Below this line is a listing that includes pictures. Copy exactly, and only, the lines from the one containing "拉登漂亮多肉植物838" through the one containing "Mature oak uplit from below on a front lawn"; the pictures do not go in the copy.

Source material
▬▬▬▬▬▬

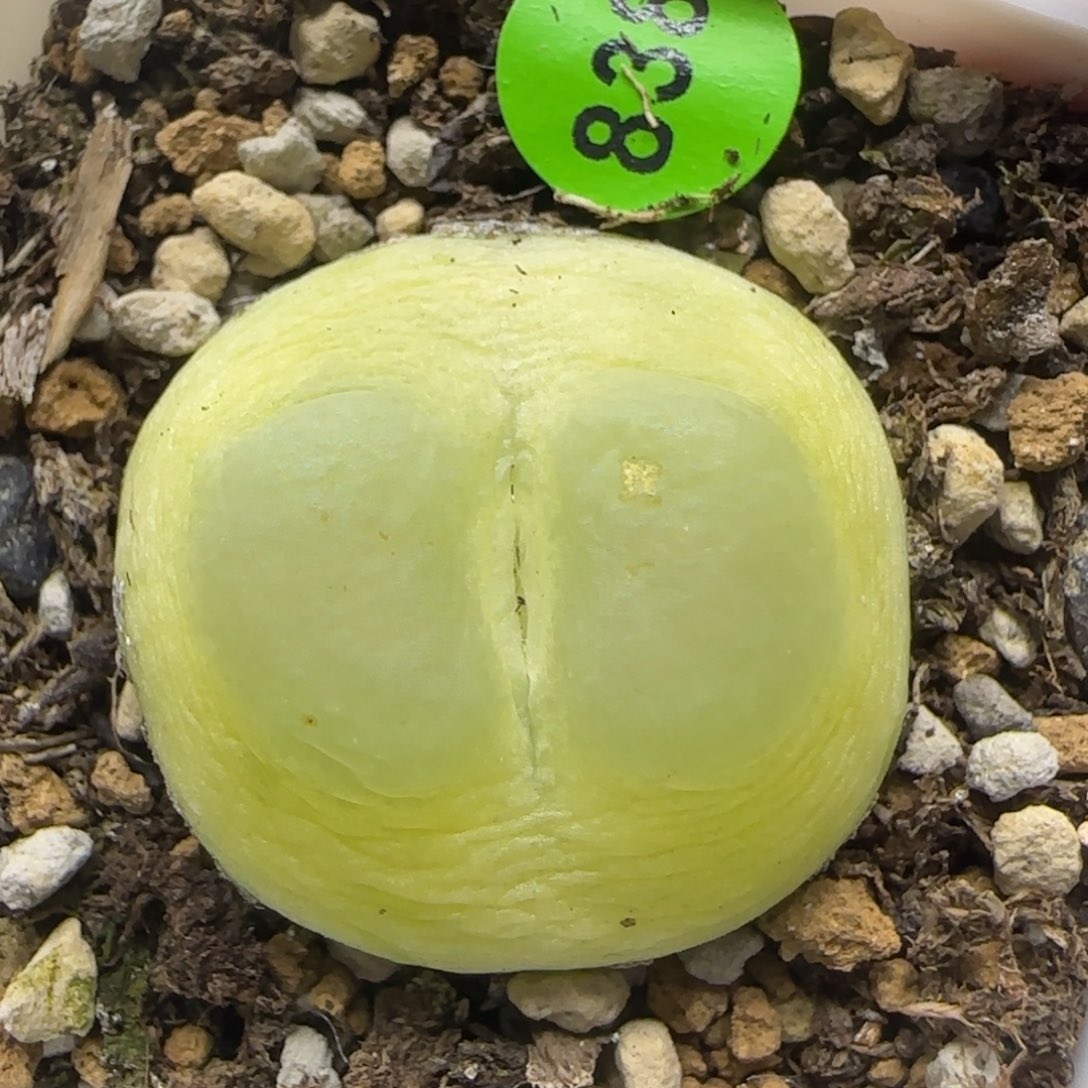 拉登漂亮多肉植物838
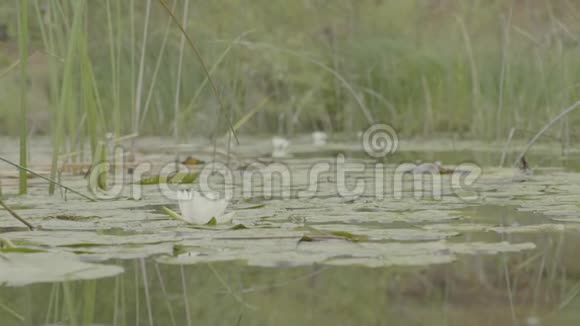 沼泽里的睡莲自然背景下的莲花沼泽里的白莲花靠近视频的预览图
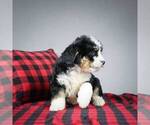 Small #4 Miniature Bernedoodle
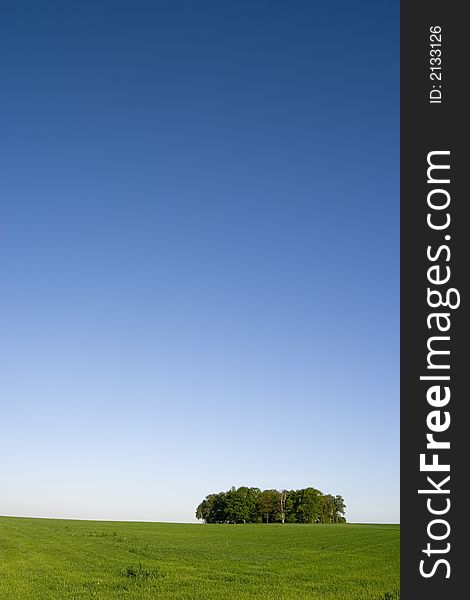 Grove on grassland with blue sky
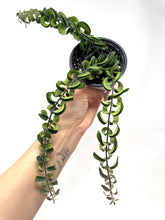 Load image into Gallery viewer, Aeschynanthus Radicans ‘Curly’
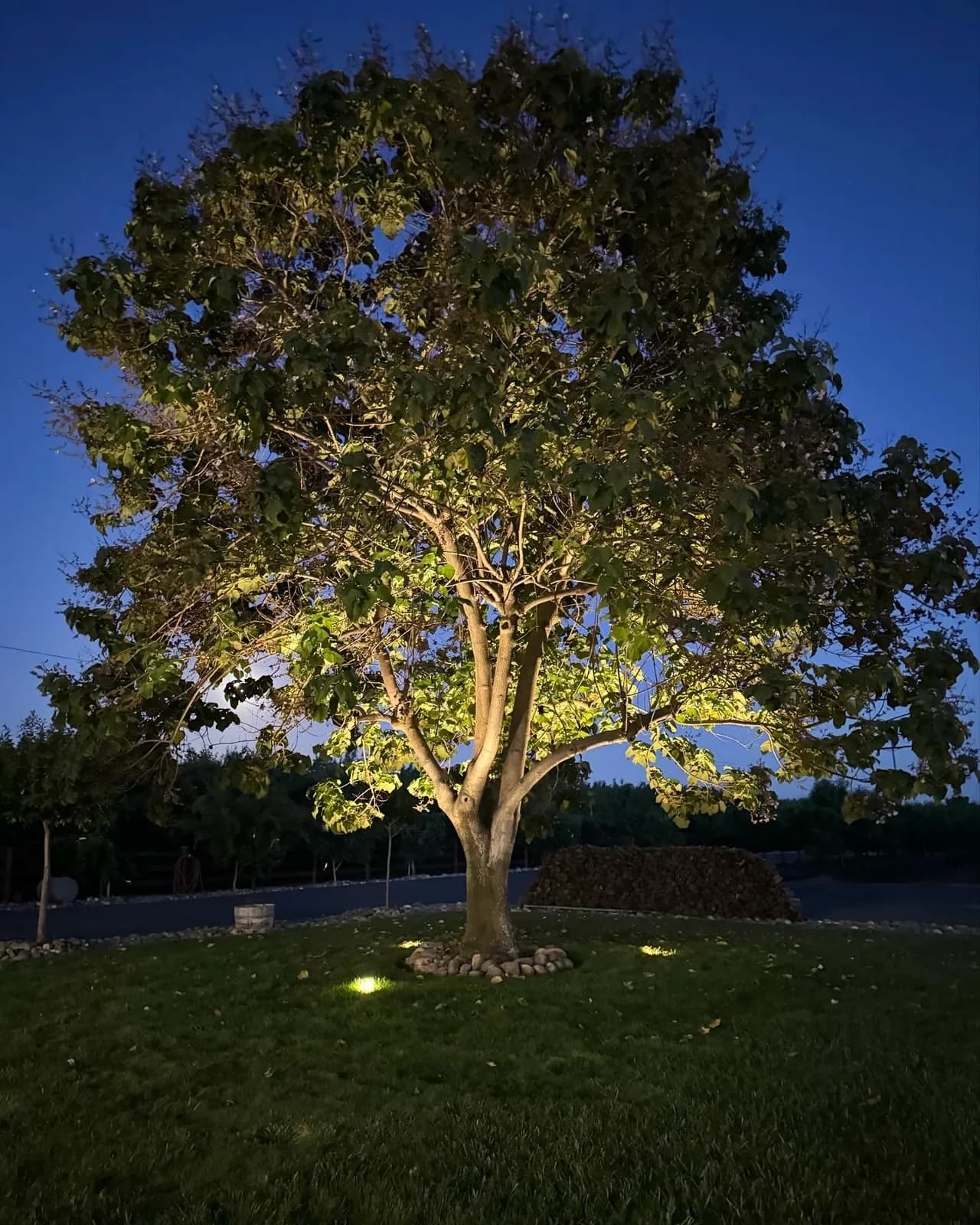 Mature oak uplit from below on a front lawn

▬▬▬▬▬▬

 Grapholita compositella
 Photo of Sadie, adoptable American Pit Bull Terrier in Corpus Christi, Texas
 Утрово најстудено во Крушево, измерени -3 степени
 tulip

▬▬▬▬▬▬

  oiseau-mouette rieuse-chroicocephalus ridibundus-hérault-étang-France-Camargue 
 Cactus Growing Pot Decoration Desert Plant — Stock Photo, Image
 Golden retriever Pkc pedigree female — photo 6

▬▬▬▬▬▬

Response for this exercise
 拉登漂亮多肉植物838
 沼泽里的睡莲自然背景下的莲花沼泽里的白莲花靠近视频的预览图
 Small #4 Miniature Bernedoodle
 Grove on grassland with blue sky
 Load image into Gallery viewer, Aeschynanthus Radicans ‘Curly’
 Mature oak uplit from below on a front lawn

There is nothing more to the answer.